>>>

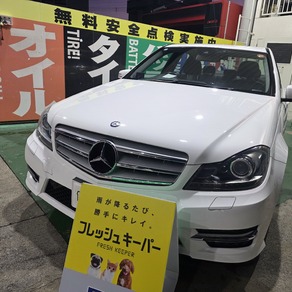 メルセデス・ベンツ・Cクラス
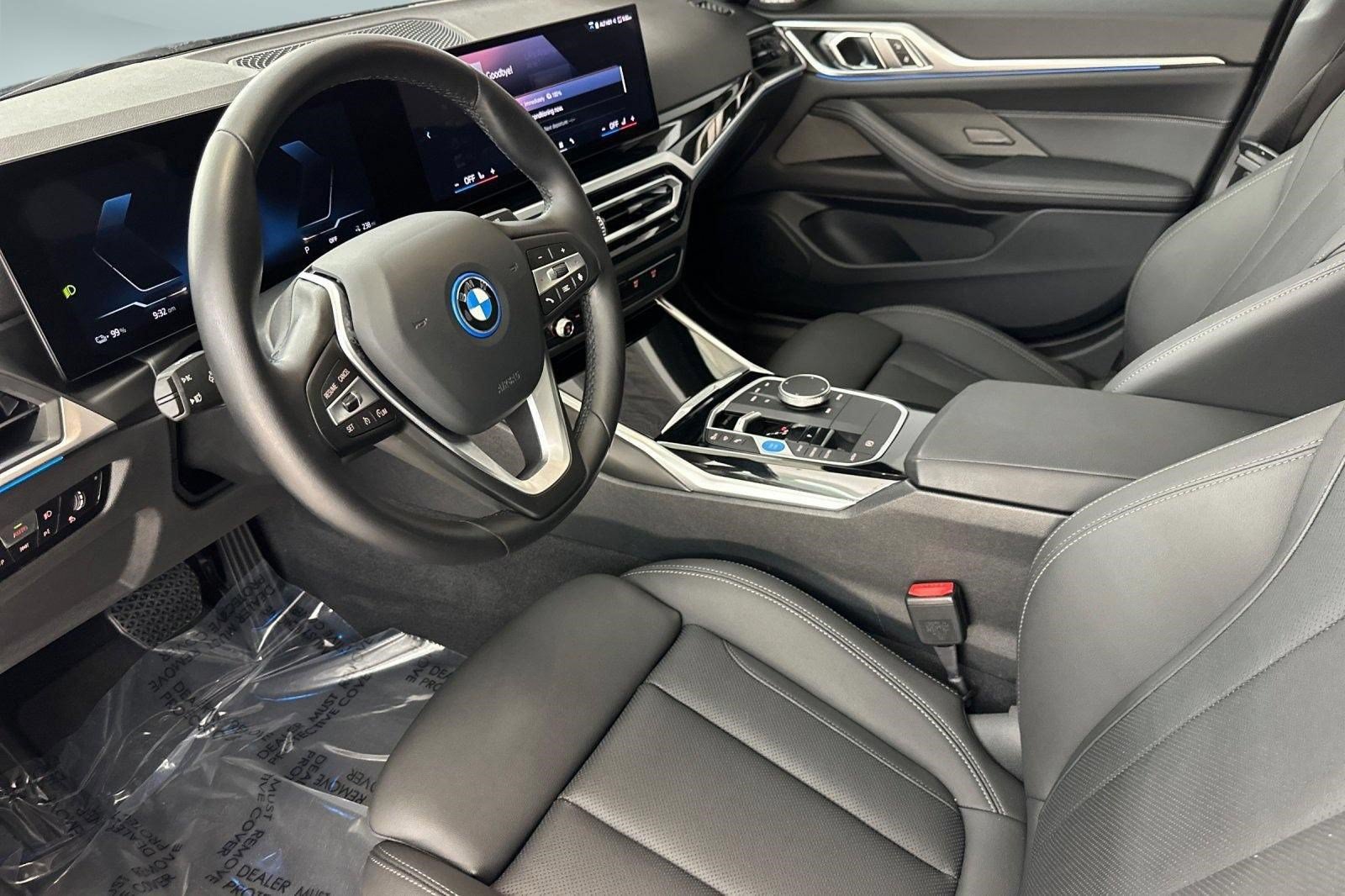 I4 EDrive40 Gran Coupe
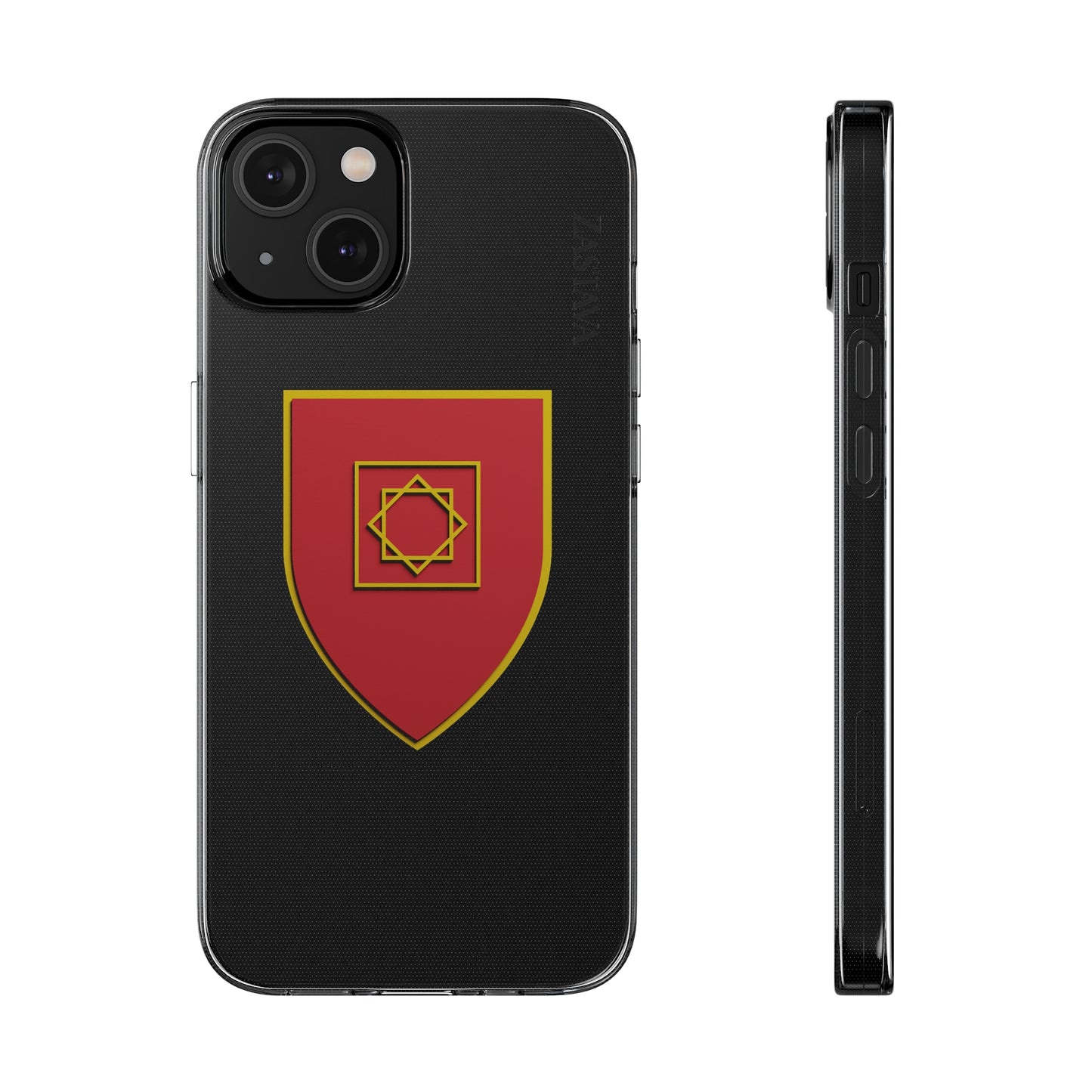 Marinid Dynasty Case iPhone 14 Shield Emblem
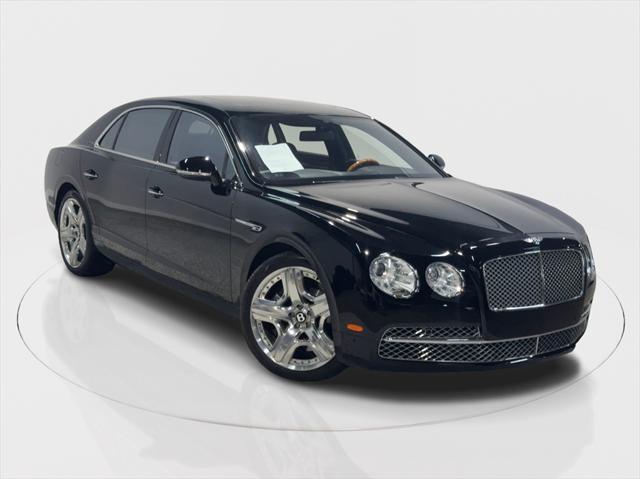 used 2015 Bentley Flying Spur car, priced at $66,911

<<<

Please give every line above again word for word, apart from the pictures.

 メルセデス・ベンツ・Cクラス
 I4 EDrive40 Gran Coupe
 Marinid Dynasty Case iPhone 14 Shield Emblem
 used 2015 Bentley Flying Spur car, priced at $66,911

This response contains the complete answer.